Status of Text Extraction Implication Representative Icon 
1. Completed Text extraction has been successfully completed by dox2U 
2. In-QueueOur engine has not yet initiated the process of Text Extraction; will begin soon. 
3. Failed There was an error most likely due to an unsupported format uploaded by you. Please contact dox2U support from within your Workspace either using the life ring button (for direct chat support) or via the ‘Help Support’ button given on the action bar; through which you can send us your feedback in detail. 


 

 

 

 

 

 

 

 

 

 

 

 

 

2. View Extracted Text

To view your extracted text (only in image formats), you may follow these steps: 

Step 1: Open the document by clicking on it 

Step 2: Click on the ‘View Extracted Text’ option that is provided in the Text Extraction box towards the left-hand corner of the visible screen. 

Step 3: Your extracted text as per the selected language will appear on the screen, 

3. View Searchable Document 

To view your searchable document (only for images), you may follow these steps: 

Step 1: Open the document by clicking on it. 

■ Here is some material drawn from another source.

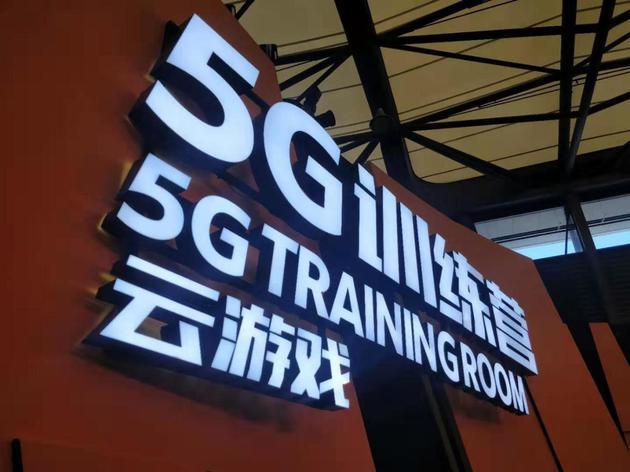 ChinaJoy上,“5G云游戏”标识随处可见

Step 2: In the View mode, click on the “Searchable Doc” button. The Searchable PDF generated by dox2U can be found in this tab.

💡 Using the Searchable Doc, you can perform various actions like copying information from the PDF and searching within the PDF to locate particular words or phrases. 

📓Things to note 

  • In the case where your original file is already editable, non-image based format, for e.g. file formats like .txt, .doc, etc, the Original Doc that you see is the same as your Searchable Doc and is labeled “Original (Searchable) doc.” 
  • In the case where the original file is a non-editable image format, for e.g. PDF, jpg, etc, a separate Searchable Doc is generated and can be accessed using the steps outlined above.
  • You can always choose to re-parse your document if a language is missed or if some of the text is not extracted. Read more about this here   
     

Download Extracted Text and Searchable Doc 

To download the Extracted Text or Searchable PDF from View, Edit, or Verification modes, follow these steps:

Step 1: Use the “Download” button from the action bar.

Step 2: In the dialogue box that pops us, choose either the Searchable PDF or Extracted Text format. Press “Download” to continue with the download process or press “Cancel” to abort. 

📓NOTE: 

  • You can only download docs where you are the Owner. To download a doc that is shared with you but owned by someone else, you must have the “Download and Print” right enabled. Understand rights in dox2U.
  • Searchable Doc & Extracted text download is available ONLY for non-editable formats.

The functionality of text extraction, and downloading the Extracted Text & Searchable Doc is a very useful tool and is only available in Workspaces that are subscribed to our Pro plans. Upgrade now or contact Sales to learn more.

Sending a Document for Text Extraction with a Different Language 

dox2U supports text extraction from image-based formats (like jpg, jpeg, pdf, etc) in over 160 human languages with high accuracy. The language selected by you during upload is used for parsing your document and converting it into workable digital formats. 

In case you accidentally selected the wrong language during upload or want to re-run text extraction on your document using a different language, dox2U lets you select a different language and send the document for reparsing. 

Let us see how: 

Step 1: Open the document in an Edit mode by either using the menu or opening the document by clicking on its name and then switching over to the Doc Editor using the Edit button on the top right corner.

Step 2: Click on the ‘View Extracted Text/Change Language’ option that is provided in the Text Extraction box towards the left-hand corner of the visible screen. 

Step 3: Your extracted text as per the selected language will appear on the screen. 

Step 4: In case you want to reparse your document, choose a language from the dropdown menu and hit “Reparse”. Your document will be reparsed according to your newly selected language.  

📓Things to note 

  • When you send a document for reparsing with a new language, the Extracted Text & Searchable PDF are regenerated according to the newly selected language.